Bearing Witness
There are 16 of us nestled in the sunlit alcove of the church. I look at the stranger sitting on a navy-blue cushion before me and wonder what she is thinking about. She smiles at me, and I smile back. We introduce ourselves and make small talk, as does everyone else and their adjacent stranger. The bell rings, and the room falls into silence.
We turn our gaze to Mike, the PI of the study. His voice is gentle and reassuring, like that of a breeze in the wind, and I find myself getting lost in his intense blue eyes. Then the instructions come: look into your partner’s eyes for the next few minutes.

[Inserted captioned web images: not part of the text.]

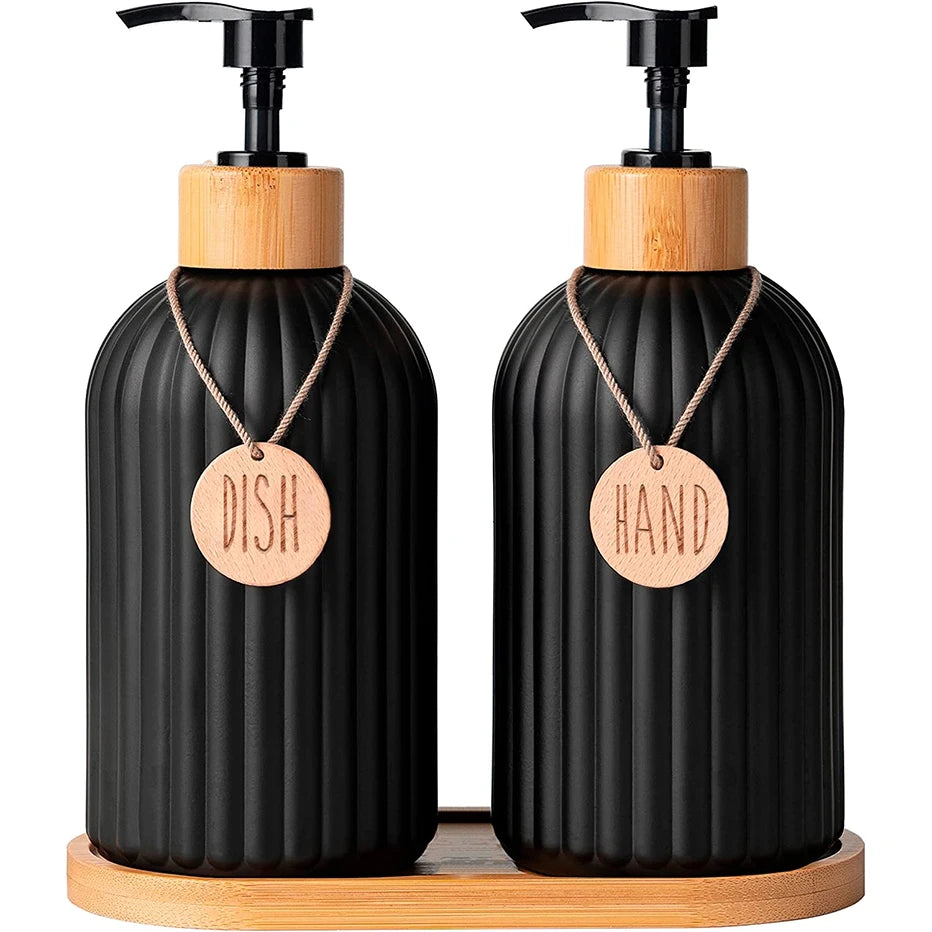 Two black ribbed soap dispenser bottles on a wooden tray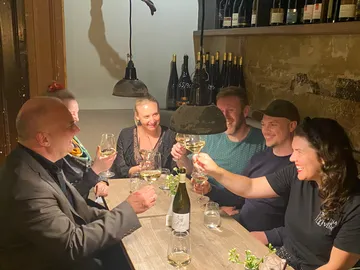 Group of people raise glasses in a cozy wine cellar.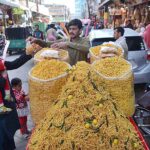 A vendor sells food item to a customer at Fawara Chowk.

My partner and I fidget and reposition ourselves on our increasingly stiff and uncomfortable cushions. Our eyes dart toward one another’s, then to the ground and to other objects in the room, then back again to our respective irises. Chocolate brown staring into forest blue. She smiles at me, and I smile back. It is clear we have never actually looked at anyone like this before. I imagine us as two strangers waltzing in a burning room.

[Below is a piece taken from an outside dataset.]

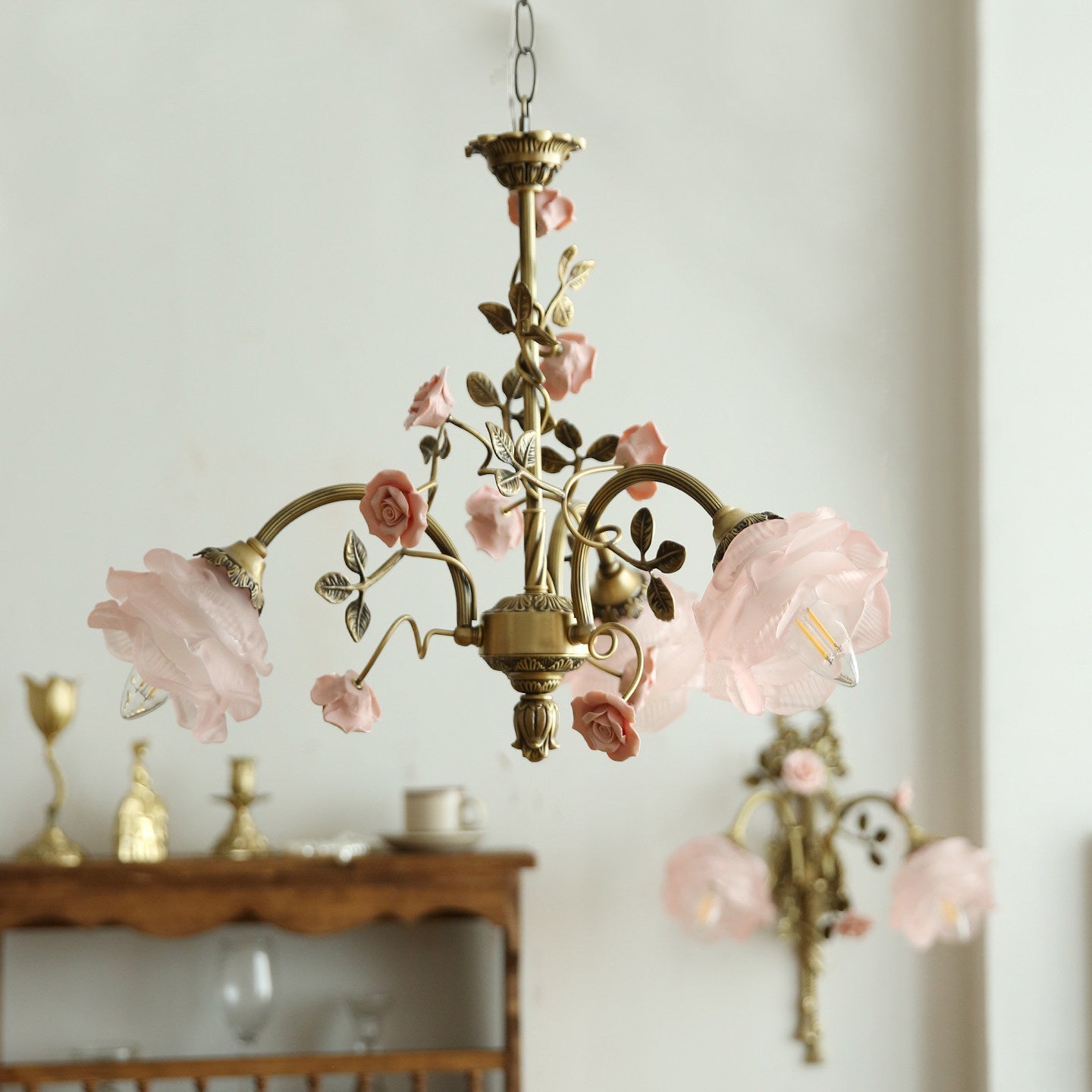 Angled view of the Rosalie Floral Chandelier highlighting its glass rose shades.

A minute or two passes before the discomfort is overtaken by a growing sense of awe and openness. The longer I look at my partner, the more I see beyond the narrow horizon of her eyes. She is no longer just a stranger before me. She is a multitude of malleable identities and stories, a twisted thread of immutable pasts and yet-to-be-had futures, a long line of unfulfilled promises and unfulfilling heartbreaks, an unimaginable plane of N dimensions, an infinity no mathematician could ever tame, prove, or understand.
Searching for certainties is no longer an option on the vast plains of vulnerability. My eyes rest and release the desire to run. There is nowhere left to go or hide. What remains is the raw openness of experience, of bearing witness, of measuring moments not by the hands of the hour, but by the rapid echoes of our beating hearts.